§ YOUR INSTRUCTIONS: What you give back from the listing below should be an exact copy of the lines from the one with "Cat Bed House" down to the one with "xiaobin Druckguss-Modellauto 1:24", and it should contain no pictures.

§ EXTRACTED ENTRIES:
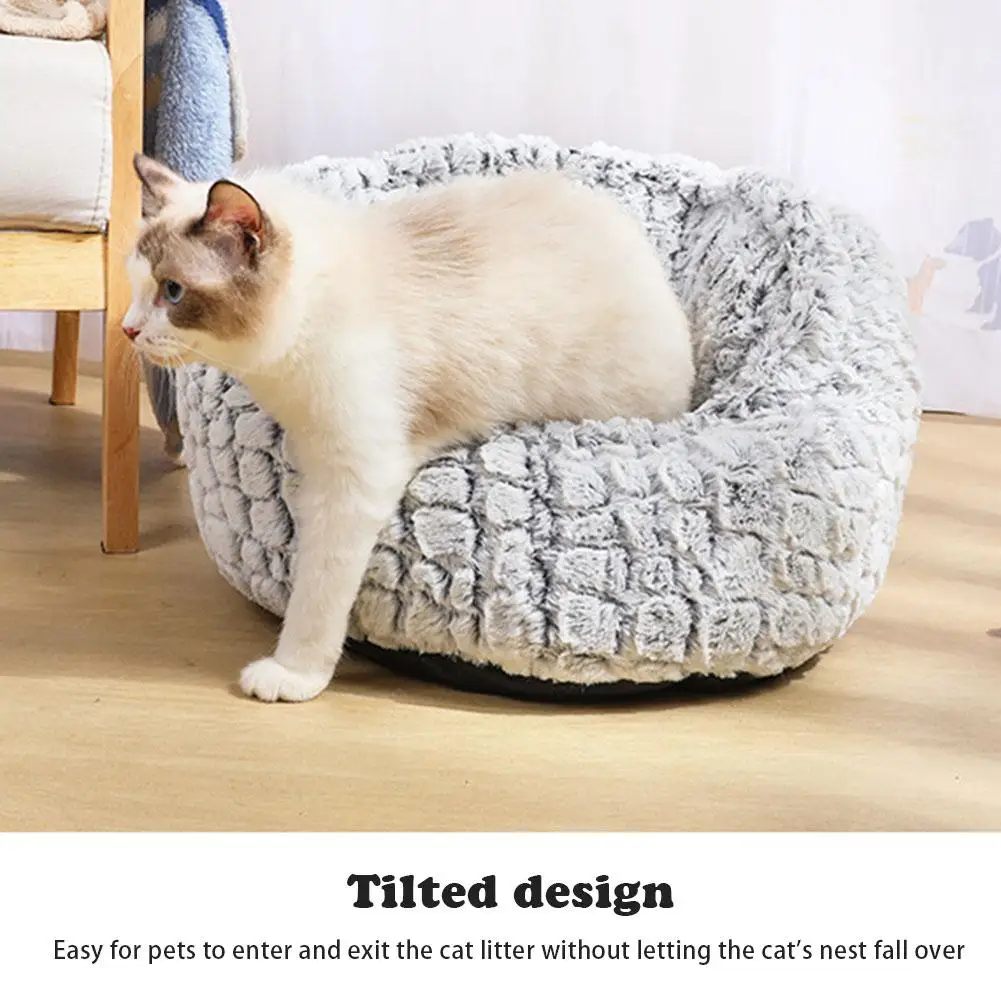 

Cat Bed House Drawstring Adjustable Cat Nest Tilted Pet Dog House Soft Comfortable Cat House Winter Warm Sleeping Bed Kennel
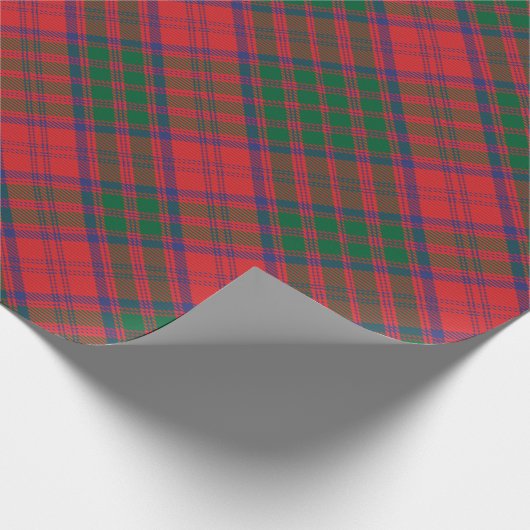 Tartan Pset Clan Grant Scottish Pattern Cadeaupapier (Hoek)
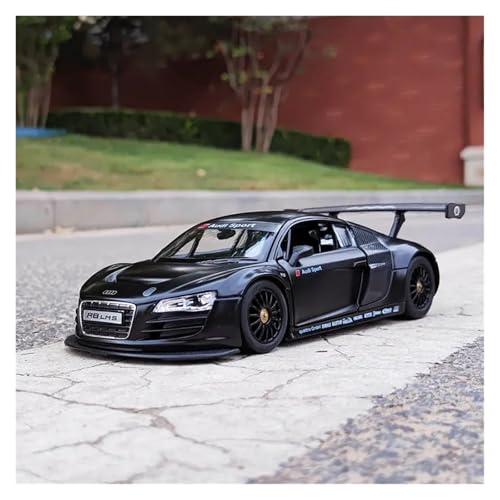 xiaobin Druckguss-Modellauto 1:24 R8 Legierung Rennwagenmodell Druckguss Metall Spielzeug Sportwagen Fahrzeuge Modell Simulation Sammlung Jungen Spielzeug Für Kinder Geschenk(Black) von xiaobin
...
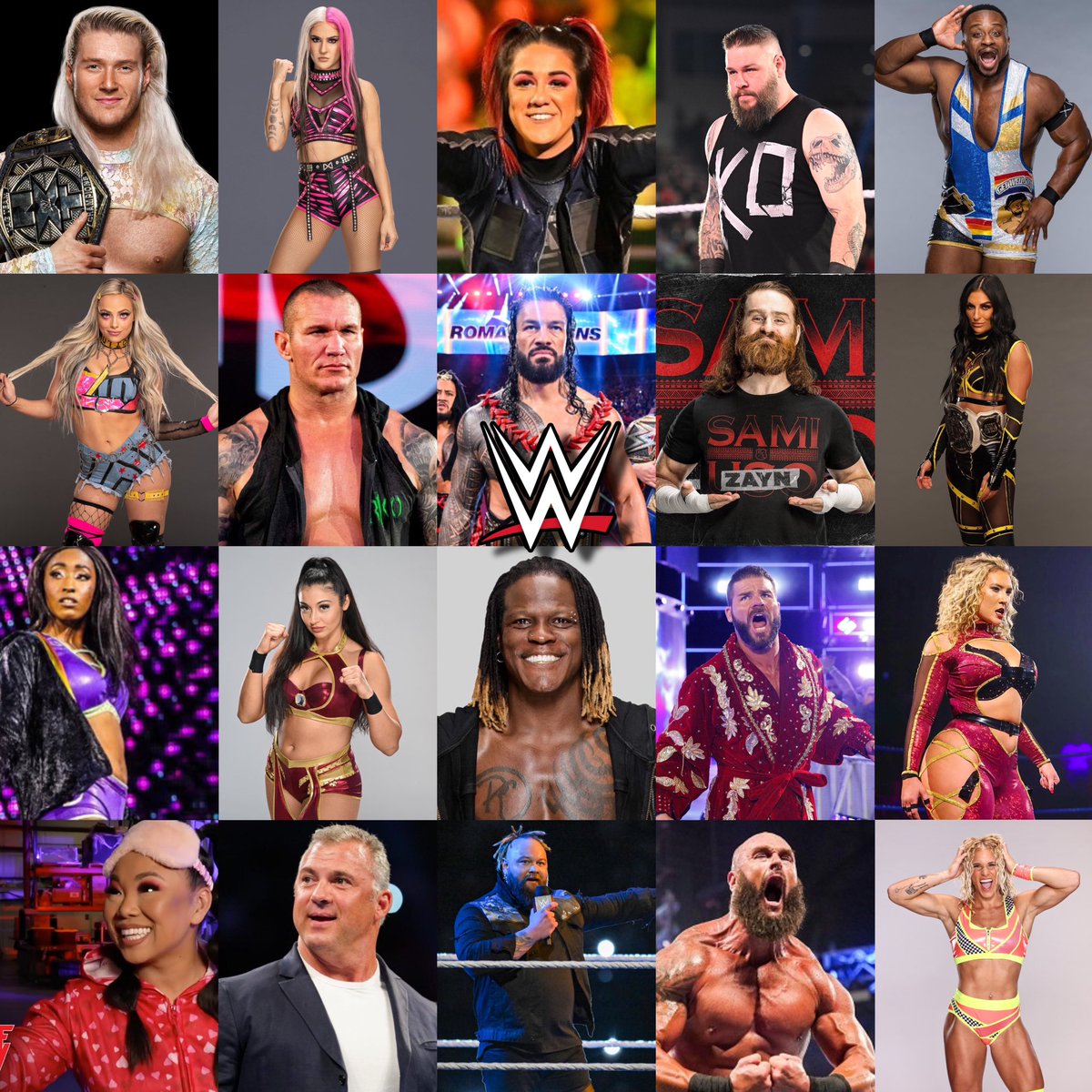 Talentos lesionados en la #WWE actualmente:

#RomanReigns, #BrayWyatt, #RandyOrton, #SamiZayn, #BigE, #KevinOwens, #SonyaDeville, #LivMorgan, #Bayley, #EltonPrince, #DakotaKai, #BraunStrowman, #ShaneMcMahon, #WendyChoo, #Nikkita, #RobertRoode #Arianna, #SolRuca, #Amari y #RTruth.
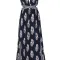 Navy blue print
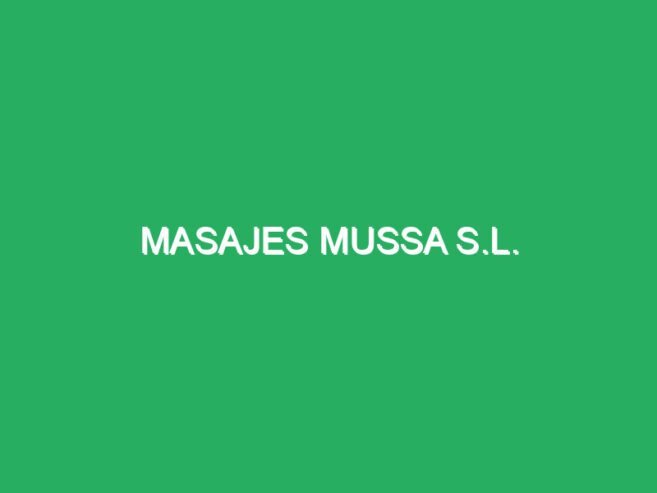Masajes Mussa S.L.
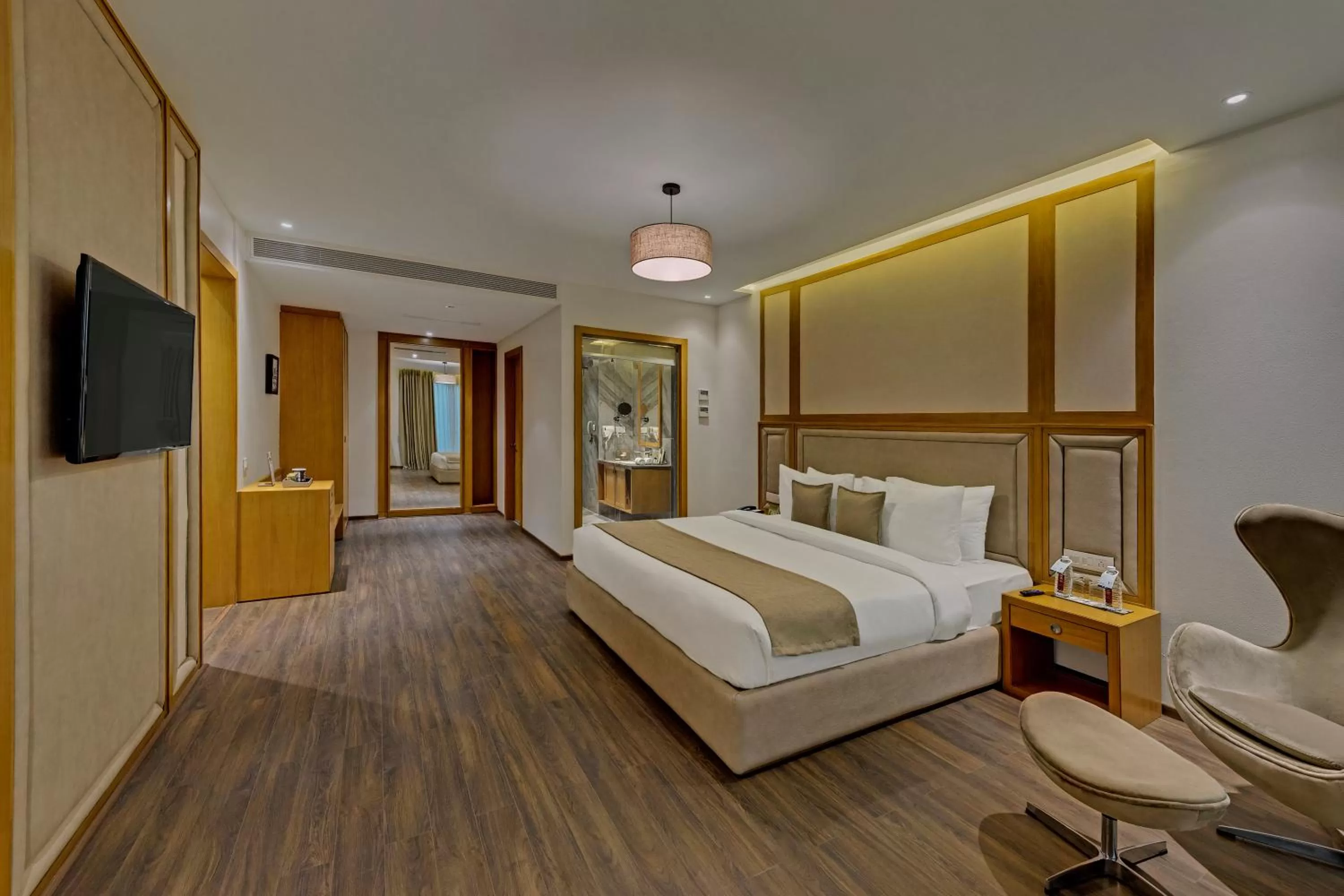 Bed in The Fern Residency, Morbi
--
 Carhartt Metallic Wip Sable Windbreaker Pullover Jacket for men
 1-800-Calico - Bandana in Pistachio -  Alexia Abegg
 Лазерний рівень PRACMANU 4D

§ RESULT:
Cat Bed House Drawstring Adjustable Cat Nest Tilted Pet Dog House Soft Comfortable Cat House Winter Warm Sleeping Bed Kennel
 Tartan Pset Clan Grant Scottish Pattern Cadeaupapier (Hoek)
 xiaobin Druckguss-Modellauto 1:24 R8 Legierung Rennwagenmodell Druckguss Metall Spielzeug Sportwagen Fahrzeuge Modell Simulation Sammlung Jungen Spielzeug Für Kinder Geschenk(Black) von xiaobin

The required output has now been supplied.